Le dernier geste du roman refuse la clôture rassurante. Une lettre finale rapporte la mort d’Elemer Tabory : une balle à la tempe, aucune arme découverte près de lui. Mihály Babits ne “valide” pas une explication fantastique ; il installe une zone d’ombre cohérente avec tout le livre : quand deux vies s’emboîtent au point de se confondre, qui peut encore certifier la chaîne des causes ?
Pourquoi « Calife-Cigogne » reste un roman troublant et inoubliable ?
On sort de Calife-Cigogne avec une sensation rare : celle d’avoir lu un roman qui, en sus de raconter une crise, la fait éprouver. Sa réussite n’est ni “gothique” ni “psychanalytique” au sens scolaire : elle tient à l’art de Mihály Babits pour rendre la honte concrète, sociale, charnelle, et pour faire du langage un champ de bataille. Le lecteur n’est pas invité à admirer un dispositif : il est forcé de se demander ce qu’il laisserait remonter, si ses nuits avaient, elles aussi, un corps.
Mihály Babits (1883-1941) est l’un des piliers de la littérature hongroise moderne
Né à Szekszárd, il suit des études classiques de lettres et de philosophie à Budapest, où il se lie d’amitié avec Dezső Kosztolányi. Très jeune, il se fait remarquer pour ses talents poétiques et sa vaste culture européenne. Profondément influencé par les humanités gréco-latines, Dante, Goethe, Poe ou Shakespeare, il est aussi un traducteur hors pair : on lui doit la traduction hongroise la plus respectée de la Divine Comédie.

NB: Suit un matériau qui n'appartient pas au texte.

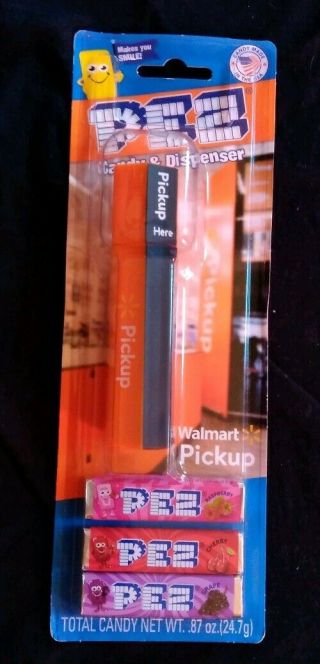 Pez Walmart Pickup Tower Dispenser Exclusive Promotional No Feet Promo Rare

Figure majeure du mouvement Nyugat (« Occident »), il en devient le directeur en 1929. Babits est un écrivain intellectuel, à l’écriture dense, nourrie de philosophie (notamment Bergson et Schopenhauer) et de psychologie. Son œuvre mêle lyrisme, métaphysique et introspection. Bien qu’il soit surtout connu pour sa poésie, son roman Calife-Cigogne est aujourd’hui considéré comme un chef-d’œuvre du roman d’analyse, précurseur du modernisme hongrois.